Quanto detto è valido per un’impresa strutturata. E se una piccola impresa si facesse allettare dalle potenzialità del cloud? Nessun problema per Kleinwaechter: una Pmi può verificare direttamente con il proprio rivenditore o system integrator se contempla anche i managed service privati oltre alle tradizionali funzioni di provisioning hardware.

Nel caso delle aziende ancora più piccole è consigliabile verificare la cosiddetta “transfer allowance”, ovvero la quantità di traffico dati che il sito è autorizzato a gestire prima che subentrino tariffe extra: è un aspetto fondamentale per le piccole realtà, poiché utenti impreparati rischiano di vedersi addebitare costi supplementari.

Su un piano generale, verrebbe da dire transazionale, con l’avvento del cloud per il settore It è diventato urgente fissare standard che regolamentino i servizi hosted e che consentano ai clienti di avere un punto di riferimento per giudicare le performance.
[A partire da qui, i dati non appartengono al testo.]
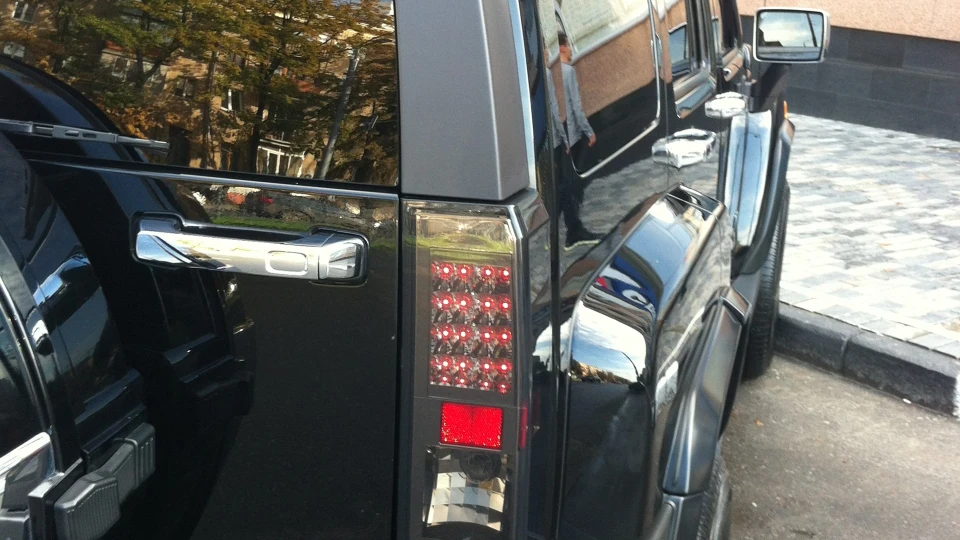 Hummer H3 ХОМ'ЯК 4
È necessario definire standard inerenti temi come sicurezza, integrazione, portabilità, interoperabilità, governance/gestione e misurazione/monitoraggio. Da questo punto di vista, secondo il manager di Fts, i cloud privati offrono garanzie rispetto a quelli pubblici. Ciò non toglie, però, che i nuovi clienti debbano ben ponderare la loro scelta del provider a cui affidarsi.